News & Analysis

The NBP kept its reference rate unchanged at 3.75%, in line with expectations, but the decision still matters for PLN.

The March cut indeed looks less like the start of a new easing cycle and more like a policy misstep that has been overtaken by events. April CPI rose to 3.2% YoY from 3.0% YoY, leaving inflation close to the top of the NBP’s 1.5–3.5% tolerance band, while the Iran-driven energy shock has made the inflation outlook less benign than it looked two months ago.

That should keep the MPC in a prolonged pause, with PLN supported by rate differentials rather than by expectations of outright tightening.

We expected the NBP to hold, and we argued that April CPI would make the March cut look increasingly one-and-done. That has now been confirmed by the decision. The important point is not that the hold surprised markets; it did not. The zloty stayed stronger against the euro after the announcement. The more important signal is that the balance of policy risks has shifted.

A Council that was cutting in March now has little room to sound relaxed about inflation.

The inflation detail strengthens that point. Food inflation slowed to 1.9% YoY and fuel inflation eased only slightly to 8.4% YoY, while household energy accelerated to 4.7%. That combination means the April rise was not just a simple fuel-price story.
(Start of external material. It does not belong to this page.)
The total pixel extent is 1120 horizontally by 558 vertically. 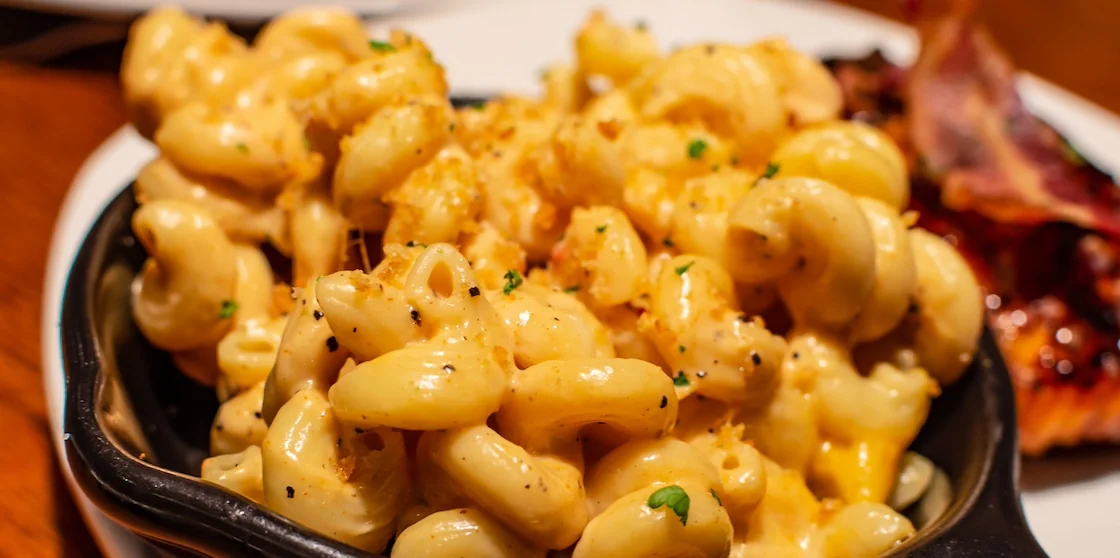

Core inflation also appears to have picked up, suggesting that underlying price pressure is no longer moving cleanly lower. This does not yet amount to a second-round inflation problem, but it does raise the cost of dovish communication. For now, the more credible response is rhetorical tightening, as seen today: hold rates at 3.75%, push back against renewed easing expectations, and preserve optionality.

For PLN, this is constructive but not aggressively bullish. The zloty should remain supported by its yield buffer and by the removal of near-term cut expectations.

A steady NBP, firmer anti-inflation language and a delayed easing profile should limit EURPLN upside, provided regional risk sentiment holds. The main risk is a new rise in oil prices or inflation expectations, which could force markets to price a more hawkish NBP path while also weighing on regional risk appetite.